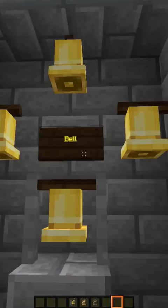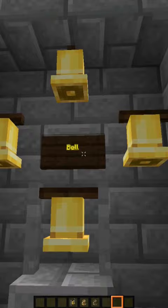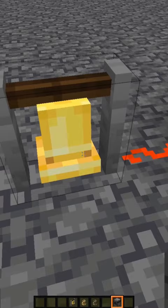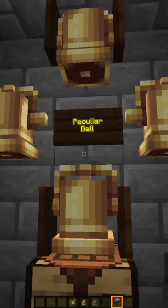Here we have the vanilla bell. You can see all the different ways it can be attached and it can be rung. There are a lot of similarities with this bell and some differences. Vanilla bells can receive a redstone input and start ringing. The peculiar bell also works this way — here we have the peculiar bell, and you can see it attaches pretty much the same way.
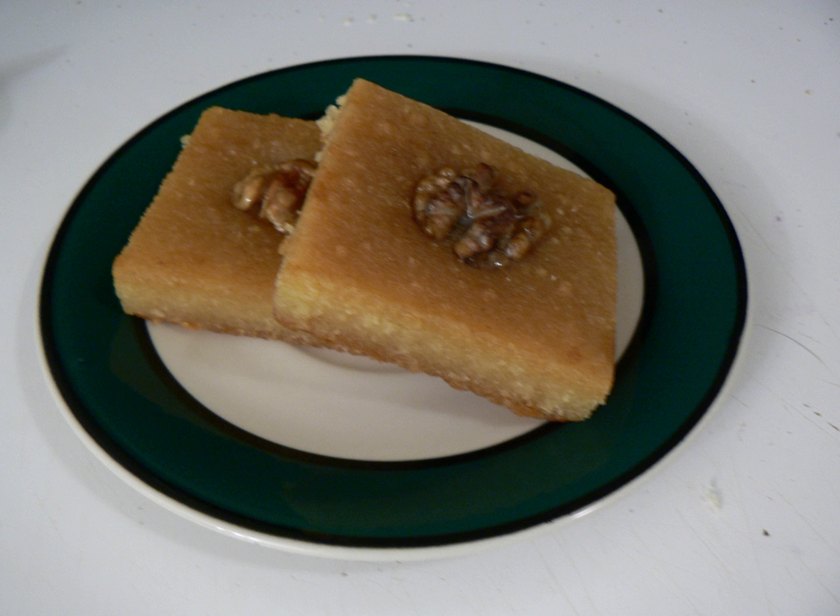Basbusa is a particularly popular dessert among the Egyptian Coptic Christians for fasts, such as Great Lent and the Nativity Fast, as it can be made vegan.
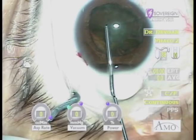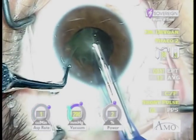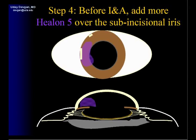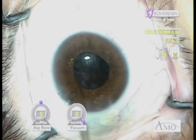By using mostly our traditional viscoelastic we can perform FACO in the technique we're used to. In this case, FACO CHOP with power modulations resulting in very efficient lens removal. We'll add more Helon 5 to form a viscoelastic plug above the iris just prior to the IA.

> [WHAT TO PRODUCE]:
Beginning with the line that contains "Basbusa is a" in the data above, please copy each line exactly until the last line, both ends included, skipping any pictures.

> [PROBLEM SOLUTION]:
Basbusa is a particularly popular dessert among the Egyptian Coptic Christians for fasts, such as Great Lent and the Nativity Fast, as it can be made vegan.
By using mostly our traditional viscoelastic we can perform FACO in the technique we're used to. In this case, FACO CHOP with power modulations resulting in very efficient lens removal. We'll add more Helon 5 to form a viscoelastic plug above the iris just prior to the IA.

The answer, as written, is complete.